02.2.2 Do reconhecimento de um direito fundamental deriva, ao encargo dos Estados, não só o dever de abster-se de violá-lo por meio de ações dos órgãos públicos, porém também a obrigação positiva de ater-se ao fim de prevenir possíveis violações dos direitos fundamentais por parte de terceiros sendo que, no caso de verificar-se uma violação, de ater-se ao objetivo de sancionar eficazmente o autor da violação, primeiro para dissuadir os demais a não prática de ação equivalente e, segundo, para assegurar uma equânime satisfação à vítima da violação.
02.2.3 Cada Estado é livre para decidir mediante quais instrumentos assegurará a tutela dos direitos fundamentais de agressões por parte de terceiros que não respeitam o ordenamento interno. Mas releva que a tutela desses direitos seja adequada na visão da CEDU quanto aos escopos outrora evidenciados, ou seja, dissuasão dos demais para não cometimento de uma infração e garantia de satisfação da vítima.
02.2.4 Nos casos mais graves de violação dos direitos fundamentais (entre os quais estão os que atentam contra a vida humana) se deve, inclusive, considerar que a ameaça e imposição de uma pena é o único instrumento adequado para assegurar a tutela efetiva (preventiva, ou ao menos, reparatória) dos direitos violados.

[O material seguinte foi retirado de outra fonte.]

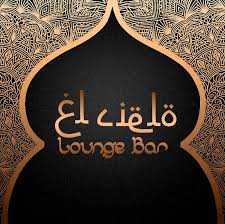 El Cielo Lounge Bar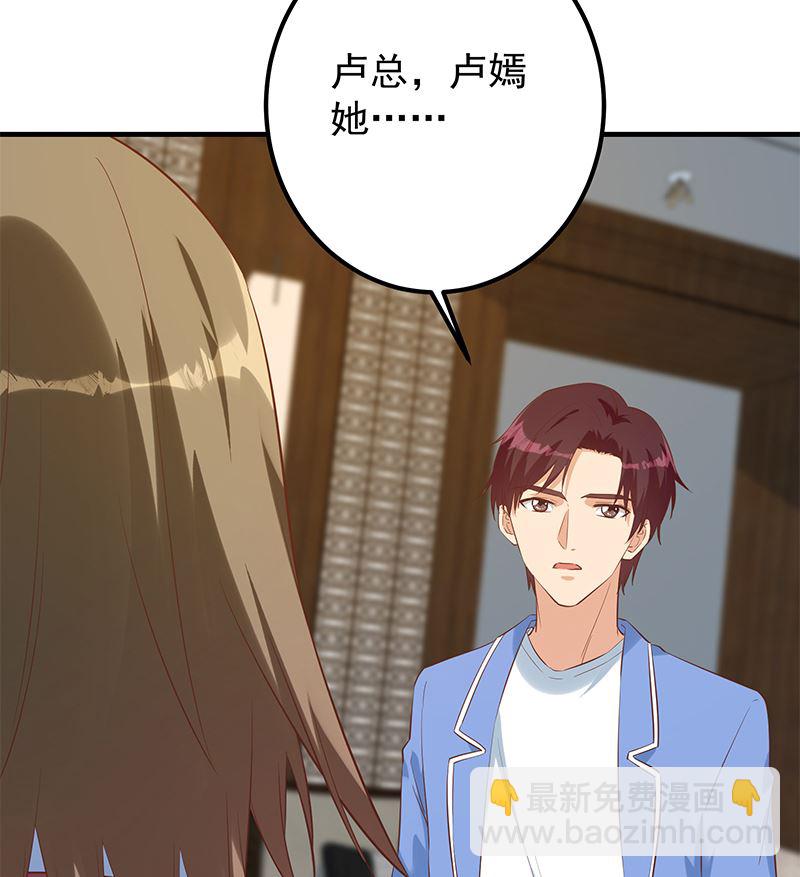 第二季 第390话 那卢嫣呢？42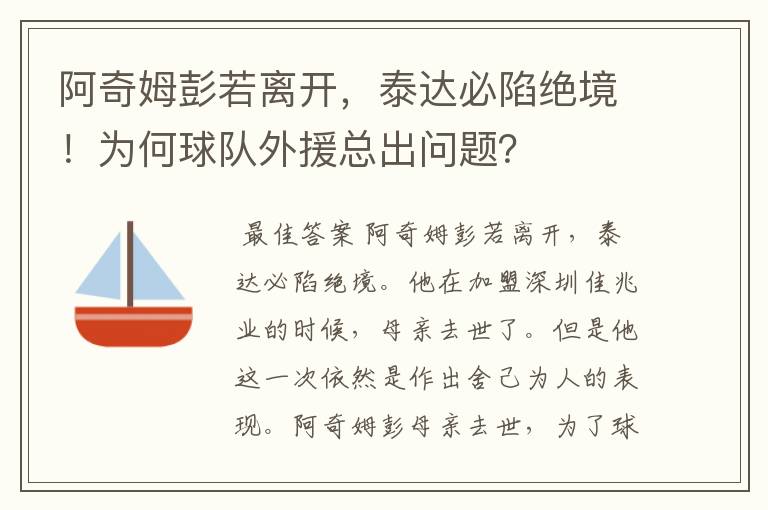 阿奇姆彭若离开，泰达必陷绝境！为何球队外援总出问题？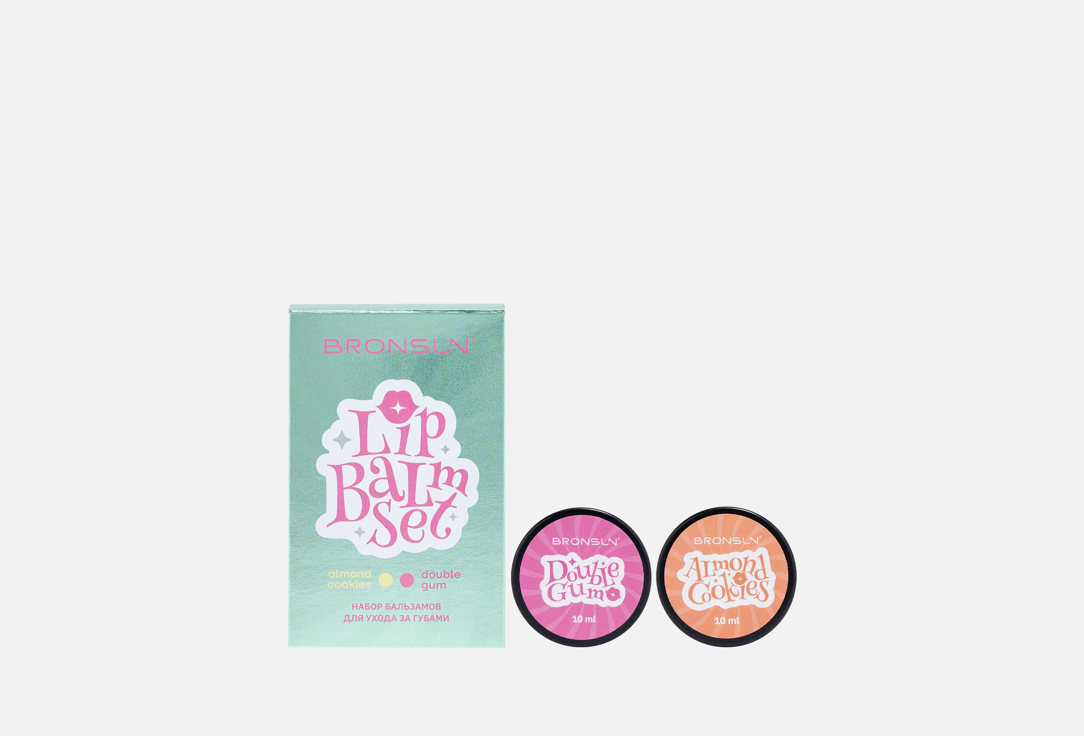 Bronsun lip balm set 2 шт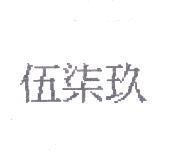 伍柒玖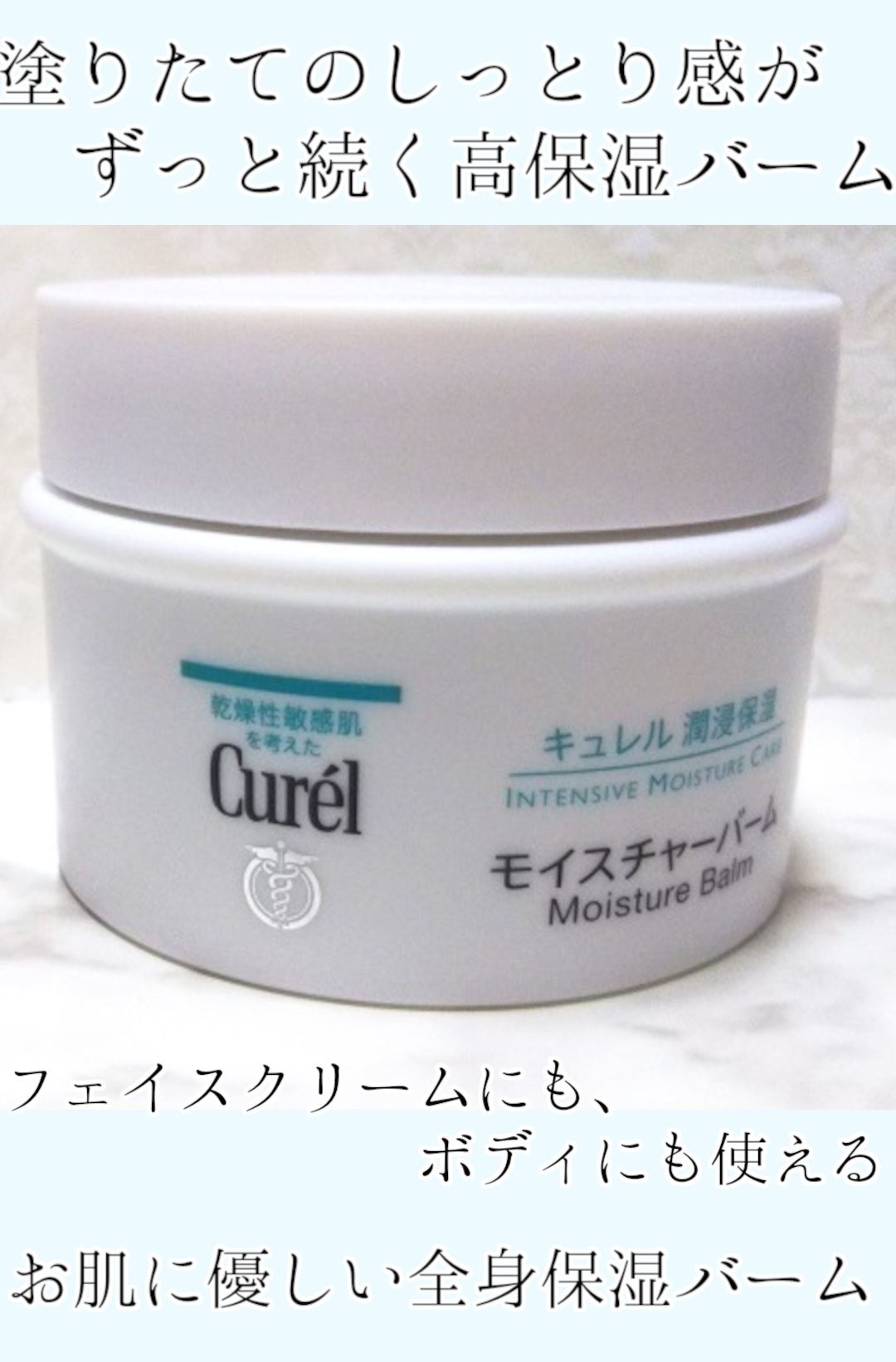 モイスチャーバーム ジャー/キュレル/フェイスクリームを使ったクチコミ（1枚目）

02.2.5 Que o Estado pode ser igualmente responsabilizado pela violação da própria obrigação de tutela em relação à vítima da agressão por um terceiro em razão de não haver predisposto uma normativa penal idônea a prevenir e a sancionar eficazmente uma futura violação, bem como por não aplicar adequadamente as valorações da CEDU. Sobre a última passagem ainda há particular consideração: que a CEDU não somente pretende, a respeito de alguma grave violação de direito fundamental, como, por exemplo, os fatos de abuso sexual ou de redução à condição análoga a de escravo, mas também, conforme veremos, de homicídio ilegítimo por parte de operações policiais, que a legislação do Estado preveja o fato como crime, mas, e em especial nos pronunciamentos mais recentes, pretende também, que o fato concretamente resulte punível (censurando o Estado que preveja causa de justificação ou também causa de não punibilidade muito ampla ou elástica), e que a pena ameaçada e concretamente imposta resulte adequada à gravidade da infração cometida, sendo também possível mencionar que o Estado é responsável quando o autor da violação há se beneficiado da suspensão condicional da pena, ou se é condenado a uma pena relativamente baixa uma vez comparada a gravidade da infração praticada.
02.3 Uma perspectiva, assim, abrirá num plano supranacional novo caminho de tutela dos direitos fundamentais aos defensores das vítimas de crimes mais graves, bem como, solicitará uma compreensão mais séria a respeito de alguns mecanismos de indulgência previstos no ordenamento substancial italiano, os quais levam por prejudicar uma legítima expectativa da vítima do crime quanto à satisfação efetiva contra os autores da violação.